Children with Backpacks, Adults with Guns

Children with Backpacks, Adults with Guns

Before I had time to fully inundate myself with details about the massive shooting in Odessa on Saturday – I was overtaken by the announcement that my beloved State of Texas has loosened gun laws.

Hours after more innocent people perished at the hands of a maniac; hours after another city was terrorized – gun laws were loosened.

The new laws loosen restrictions on gun ownership and use in schools, foster homes, apartment buildings and houses of worship.

Before the gun-toting Texans lash out at me, let me be very clear: I understand that proponents of the laws will argue that carrying in the aforementioned places will offer people the opportunity to defend themselves from threats. I understand wanting to protect your person, your respective family and your belongings.

Allow me to paint a picture for you where schools are concerned.

Sometimes a fiery email can shake an entire department. Meetings that should be an email can change the dynamic of the midweek. Students who need to be homeschooled by the parents who think they can do no wrong can disrupt the entire learning environment. Racial slurs and rolled eyes can end a planning meeting early. And of course a school shooter can end all of the bickering in the most final of fashions.

But teachers and school staff can now keep firearms in the parking lot. As long as we can exercise our rights to carry, as we are entitled - all will be well. Right?

Wrong.

Some of the most racist and mean-spirited people in the world work with children. It’s not always blatant, but many harbor resentment about changing societies and upward growth of particular cultures so much that the disgust pains their faces more than it penetrates their words.

Do you want them to allow their weekend conversations about ICE and government assistance to ride to work with them, with a gun under the seat? Do you want men and women still married to the idea of things needing to “return to the way they used to be” to legally be a parking lot away from a firearm?

At my very first campus a colleague called my students “wetbacks” while they were in his classroom. They knew that it was wrong. They told me and I reported him to the office. I was told to “stop being messy.”

That man has since moved on to another district, which happens to once again be my district. He still snarls at the sight of my brown skin. Can’t imagine how he’s dealing with being in another majority-minority school district.

While I’m certain this man, and many like him have a heavy arsenal of weaponry in their homes – I don’t like the idea of him legally being able to stow a weapon in his vehicle while on campus.
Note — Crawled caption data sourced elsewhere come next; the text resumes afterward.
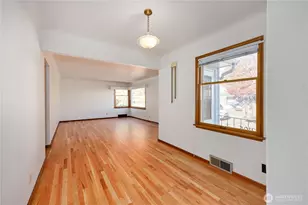 2105 E Highlands St, Bremerton, WA 98310 - Photo 12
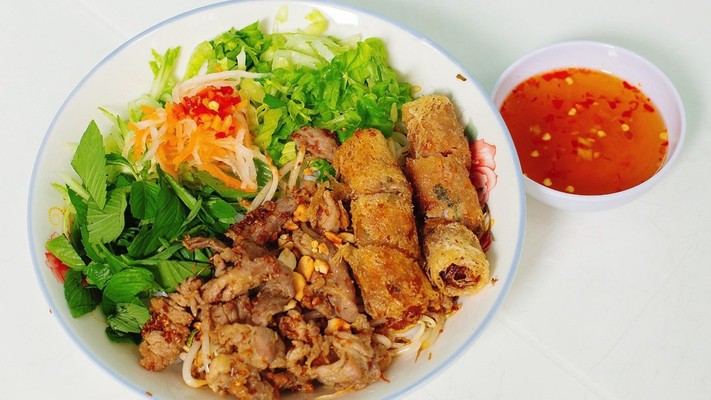 Thanh Trúc - Bún Xào Chả Giò & Bún Nem Nướng - Ba Tháng Hai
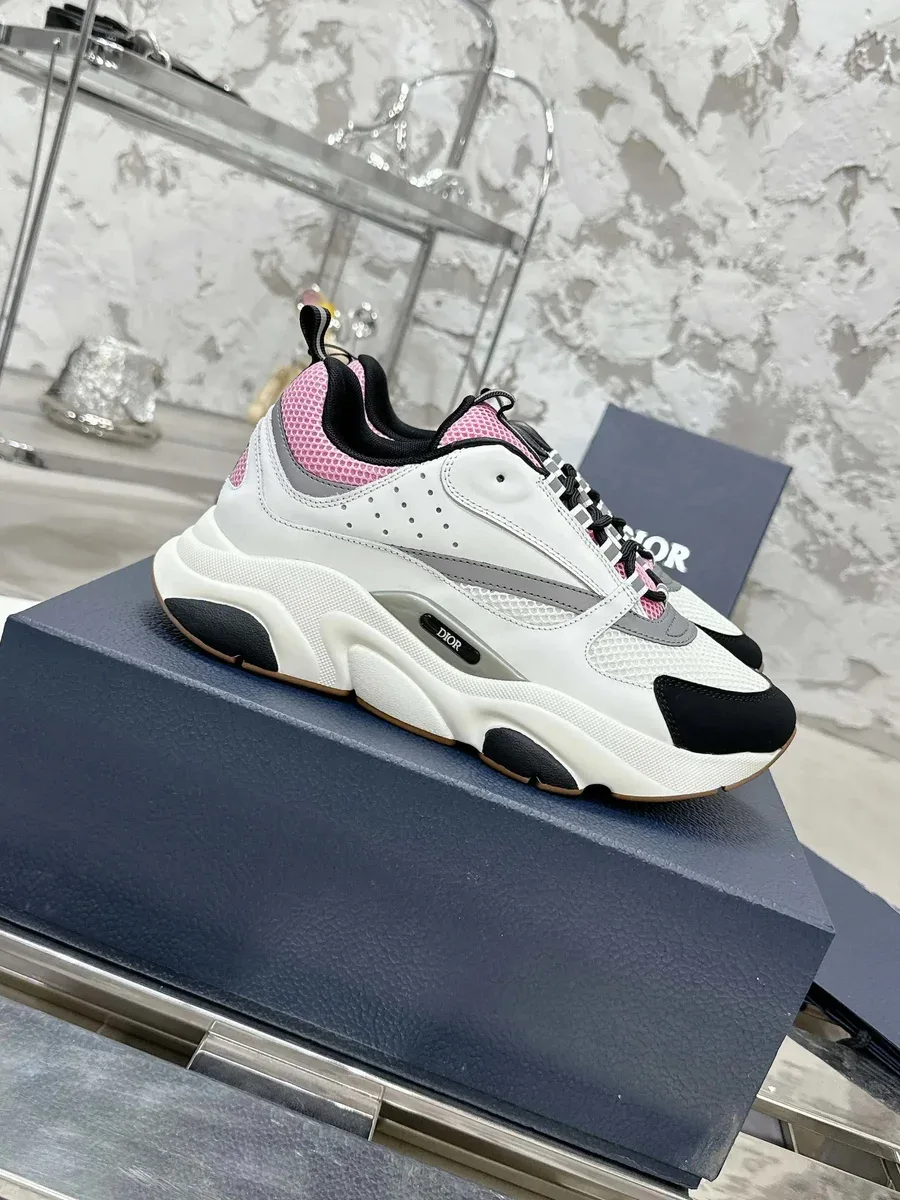 Dior Dior Book Tote White/Pink Sneakers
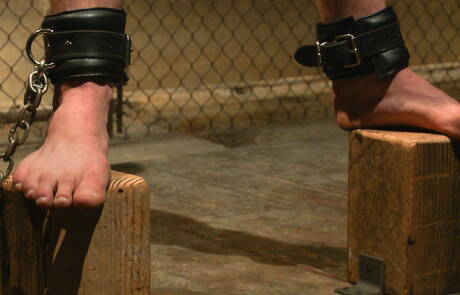 Amerikaanse superstud Connor Maguire hard gestrikt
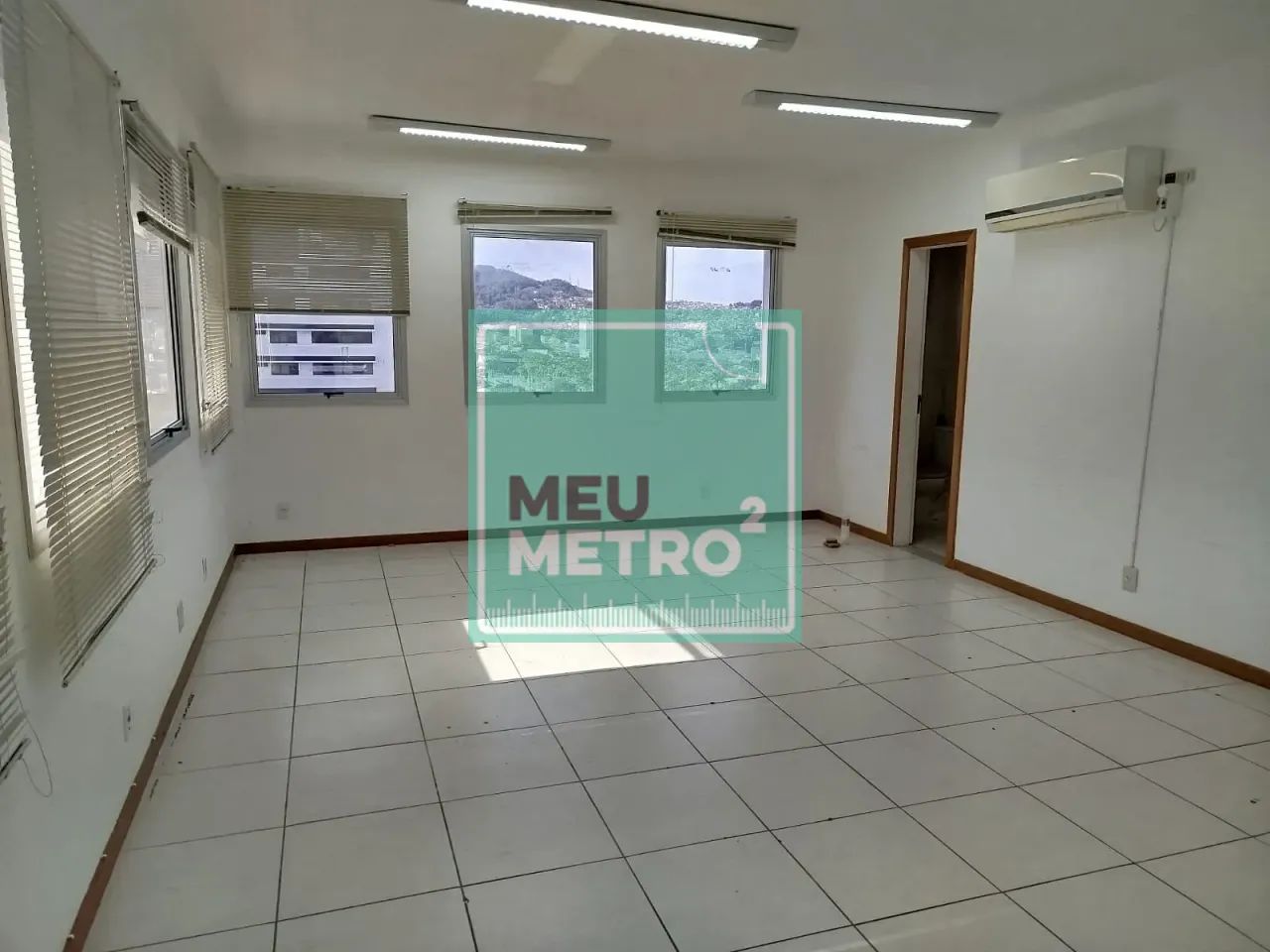 Sala à venda, no Centro, em Florianópolis. - Foto 4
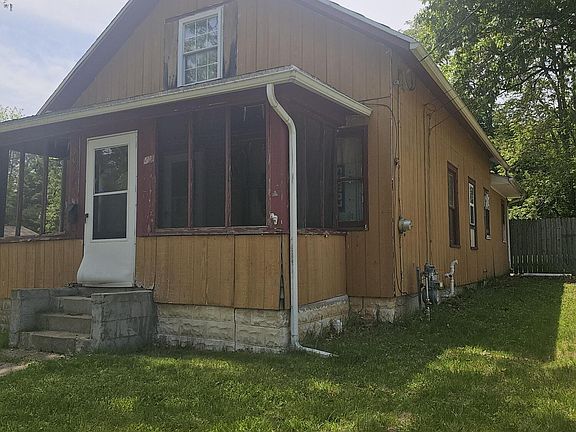 3rd image of 907 N Albion St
House Bill 1143 says a school district cannot prohibit licensed gun owners, including school employees from storing a firearm or ammunition in a locked vehicle on a school parking lot – provided they are not in plain view. 

I know how to fire a gun. I feel comfortable with a gun on my person; however, I do not carry a gun. More importantly, I've never worked in any school setting where I'd want my colleagues to carry guns.

We no longer live in a world where people think to talk out discrepancies or fight it out with fists. Anger looks different. To think that adults in a school are equipped with some special restraint that would completely stop them from running to their vehicles in a moment of rage is nothing short of naïveté.

Consider the after effects of a school employee resorting to using his or her registered weapon in a school parking lot.  

What if I stay late one evening and a potential robber accosts me as I attempt to close my car door? Can I shoot him? Will surveillance camera footage keep me out of prison?

Let’s assume I’m sitting in my car during my planning period and I see a masked gunman entering the side door of the school building. Do I run in after him with my gun and shoot him down before he harms our innocent children?

Perhaps authorities arrive in seconds. They see me standing over the gunman that I just killed. What happens to me?

Keep in mind I'm the black person with a weapon, standing over the white man who entered the building with the intent to harm. Yes, these are safe assumptions. School shooters don’t look like me and my skin is seen before my right to do anything in this country.